Moi (un peu goguenarde) : ben non, ça ne serait vraiment pas de chance qu'en plus, je développe un rhabdomyosarcome.    

Aucun effet sur la toubib qui ne percute pas mon ton un tantinet ironico-lâche-moi-les-baskets (est-ce qu'elle connaît seulement la chirurgie de lambeaux ?  même pas certainEn fait, là en le racontant, je me dis qu'elle a cru que je me payais sa tête ...)

Elle : Et la chimio, c'était à gauche ?
Moi : heu ... vous pouvez répéter la question ? (j'avais juste envie de répondre, d'une voie suraiguë : "STEPHANIE DE MONACO")
Elle : oui, la chimio, c'était à gauche ou à droite ?  C'est pour savoir si votre coeur est atteint.
Moi : heu, vous savez, la chimio, c'est plutôt central, dis-je en pointant la cicatrice de mon port a cath. 
Vous
voulez parler de la radiothérapie ? 
C'était à gauche, oui, mais on a vérifié à l'époque que mon poumon n'était pas trop bombardé.
 (pardon, mais de quoi elle se mêle, elle ?  Elle croit qu'on l'a attendue pour se préoccuper de ça ? )

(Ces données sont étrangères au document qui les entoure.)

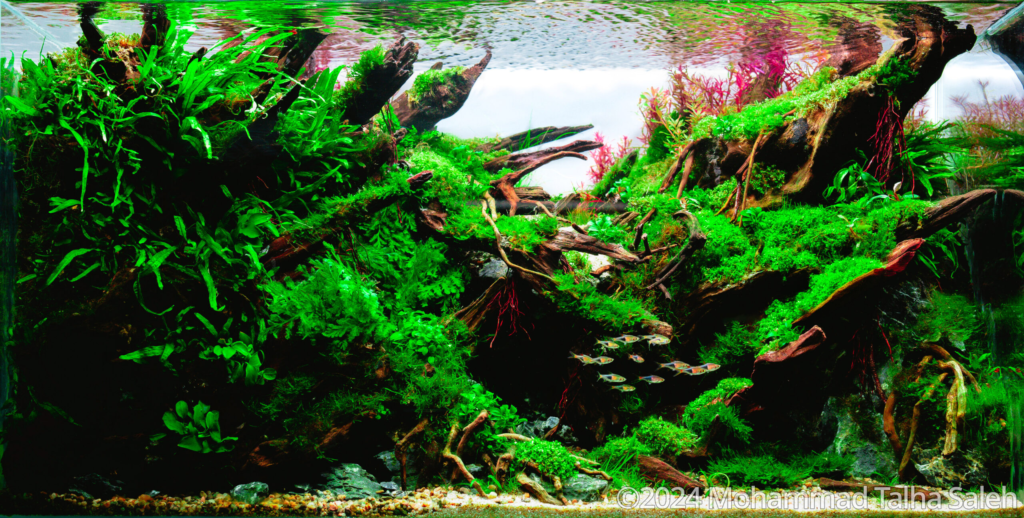 Green Serenity - Aqua Plants Hub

Elle : je vais prendre votre tension.  
Moi : OK.  à gauche ou à droite ?
Elle : écoutez, étant donné les curages axillaires, je préfèrerais la cheville.
Moi : On n'a jamais pris ma tension ailleurs qu'au bras.  C'est bon, allez y.  J'vous jure que mes bras ne vont pas se mettre à gonfler comme ça pour si peu.

'tain mais elle m'a pris le chou, elle.
Elle est médecin du travail et elle s'y connaît en onco et en chirurgie comme moi en physique quantique.  
  
Je n'ai rien à faire de ses conseils, de ses avis, de ses suggestions : je sais ce que je fais, je sais pourquoi je ne fais plus de bilans depuis 13 ans, et je sais qui consulter si je change d'avis.

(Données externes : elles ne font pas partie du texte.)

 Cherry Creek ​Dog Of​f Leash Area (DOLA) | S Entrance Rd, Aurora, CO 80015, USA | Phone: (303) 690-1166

J'en ai assez que les médecins à qui je suis bien obligée de raconter les choses prennent des airs catastrophés.  C'est à moi (nous) que c'est arrivé, pas à eux, et pour des professionnels, ils ne sont pas au top en matière de gestion de leurs propres émotions.

La prochaine fois, promis, je mentirai tant que je peux et j'en profiterai pour m'amuser une miette.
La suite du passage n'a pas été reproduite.